Extracted data entries
►
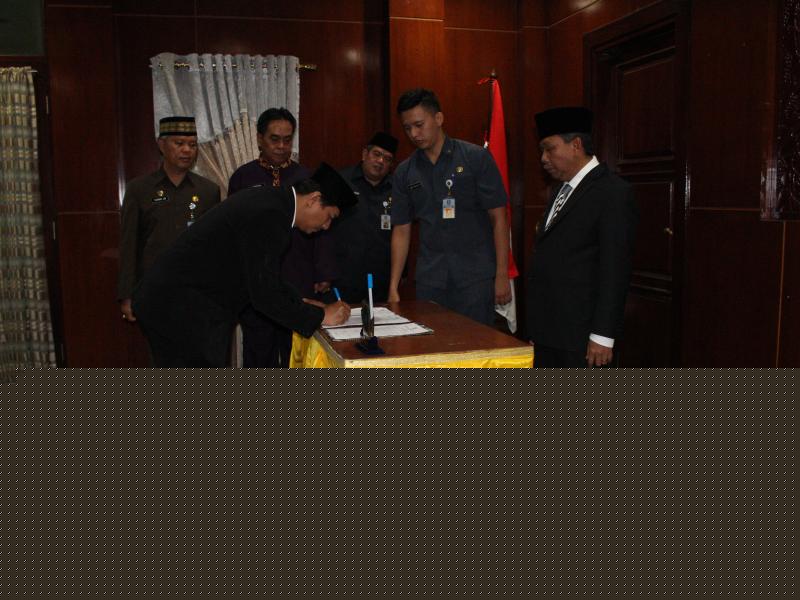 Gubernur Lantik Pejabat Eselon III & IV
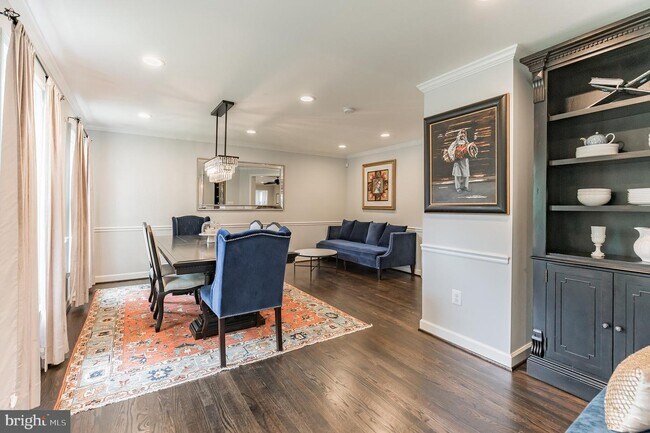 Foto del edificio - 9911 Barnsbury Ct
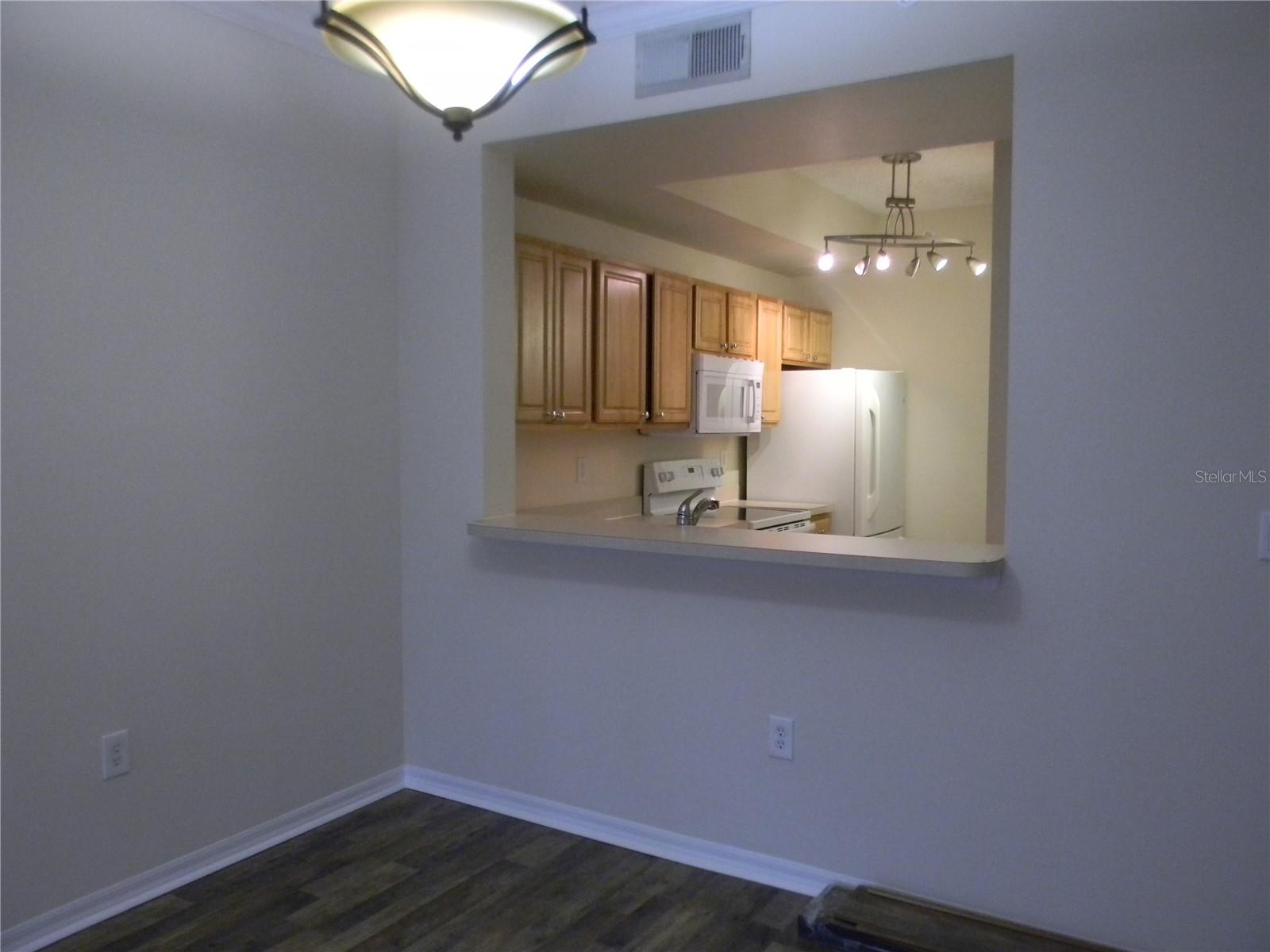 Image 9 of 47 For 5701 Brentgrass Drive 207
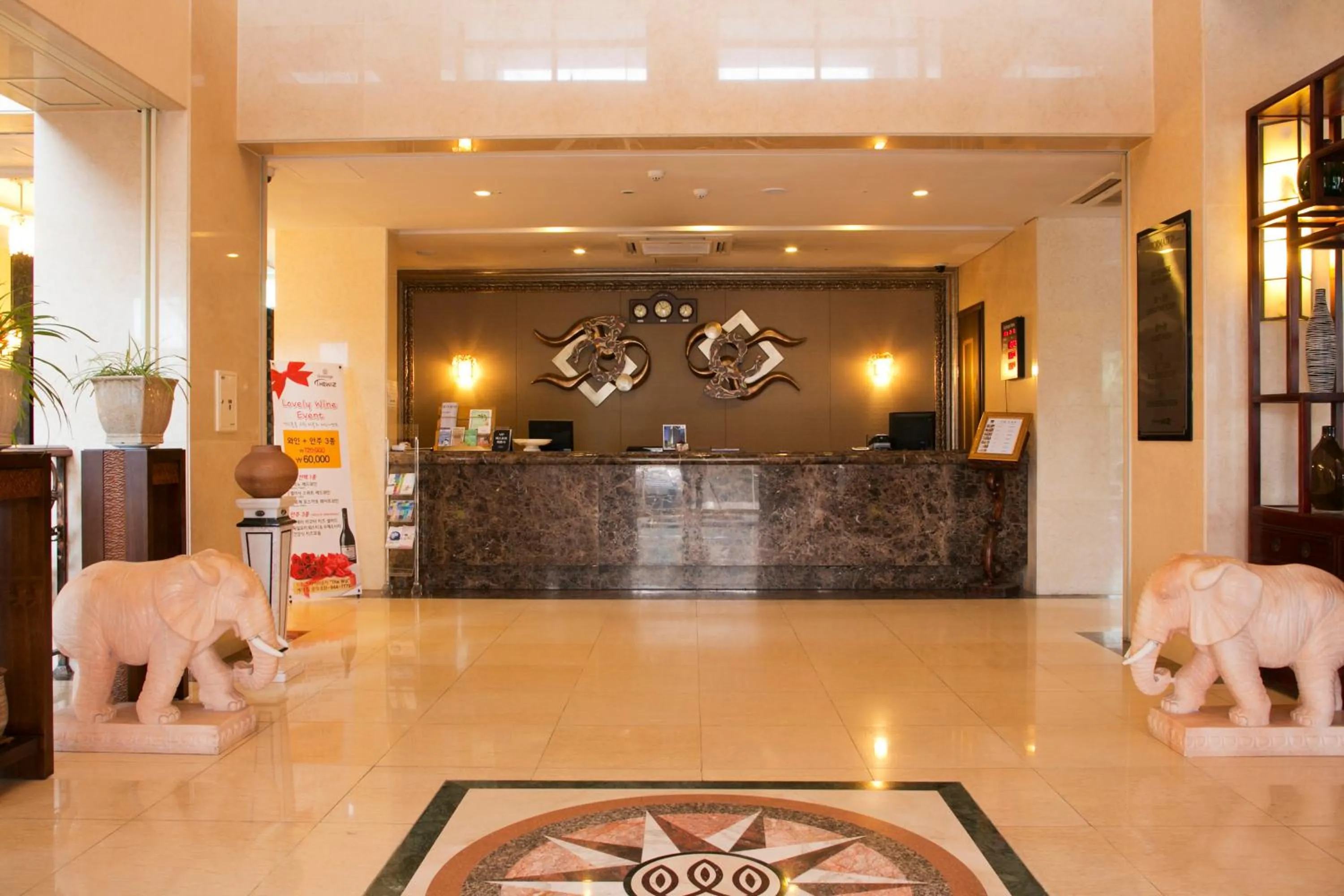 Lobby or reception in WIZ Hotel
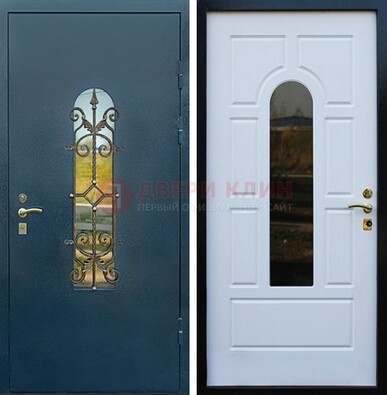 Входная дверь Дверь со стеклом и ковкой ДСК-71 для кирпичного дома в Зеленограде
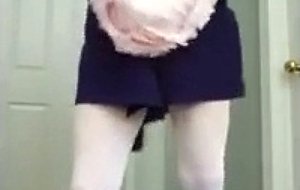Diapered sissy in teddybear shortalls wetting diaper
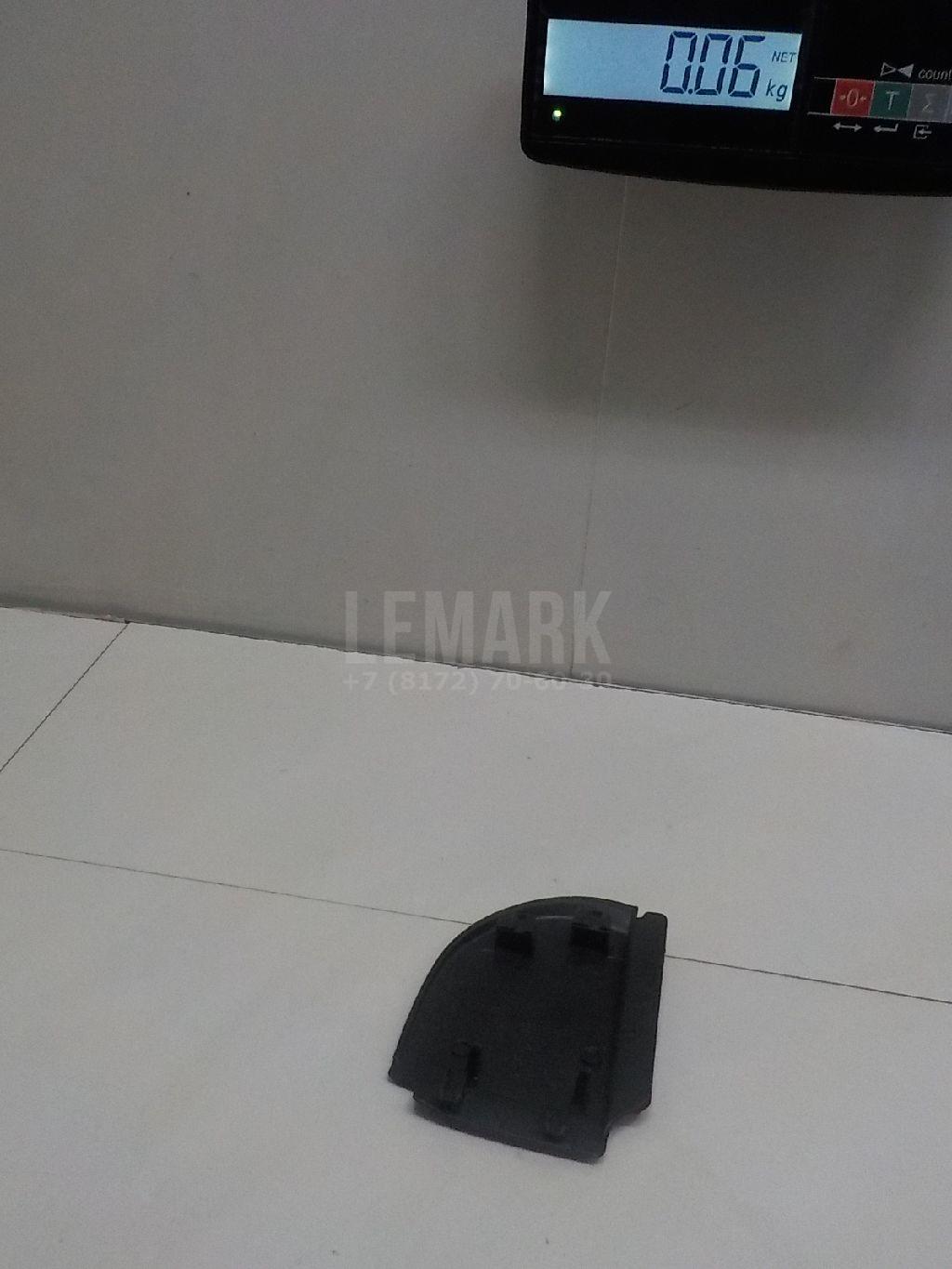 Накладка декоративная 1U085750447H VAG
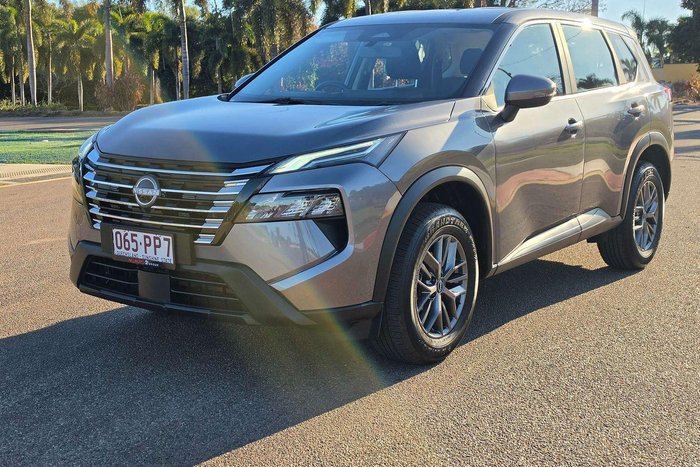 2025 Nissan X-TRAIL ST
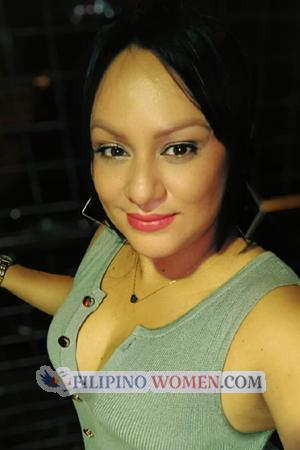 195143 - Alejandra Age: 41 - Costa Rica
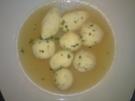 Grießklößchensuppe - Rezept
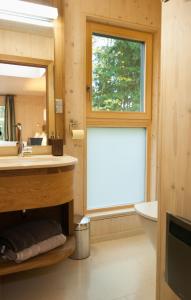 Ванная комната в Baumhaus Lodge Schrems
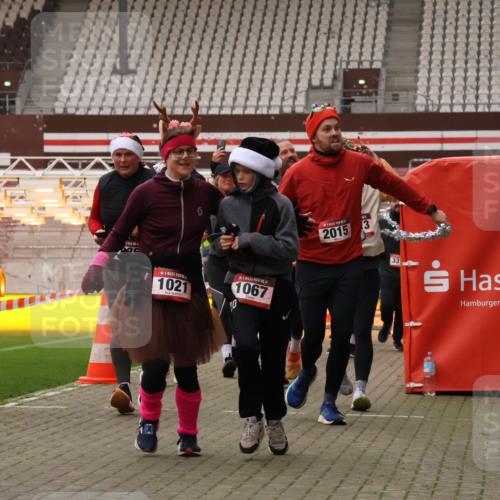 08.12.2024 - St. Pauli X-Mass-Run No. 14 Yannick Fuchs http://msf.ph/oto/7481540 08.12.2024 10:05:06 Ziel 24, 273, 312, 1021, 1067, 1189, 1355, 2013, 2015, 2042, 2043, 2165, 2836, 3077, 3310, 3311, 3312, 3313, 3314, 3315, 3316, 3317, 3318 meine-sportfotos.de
◄
Set every line of the records down again exactly, and exclude all pictures.

 Gubernur Lantik Pejabat Eselon III & IV
 Foto del edificio - 9911 Barnsbury Ct
 Image 9 of 47 For 5701 Brentgrass Drive 207
 Lobby or reception in WIZ Hotel
 Входная дверь Дверь со стеклом и ковкой ДСК-71 для кирпичного дома в Зеленограде
Diapered sissy in teddybear shortalls wetting diaper
 Накладка декоративная 1U085750447H VAG
 2025 Nissan X-TRAIL ST
 195143 - Alejandra Age: 41 - Costa Rica
 Grießklößchensuppe - Rezept
 Ванная комната в Baumhaus Lodge Schrems
 08.12.2024 - St. Pauli X-Mass-Run No. 14 Yannick Fuchs http://msf.ph/oto/7481540 08.12.2024 10:05:06 Ziel 24, 273, 312, 1021, 1067, 1189, 1355, 2013, 2015, 2042, 2043, 2165, 2836, 3077, 3310, 3311, 3312, 3313, 3314, 3315, 3316, 3317, 3318 meine-sportfotos.de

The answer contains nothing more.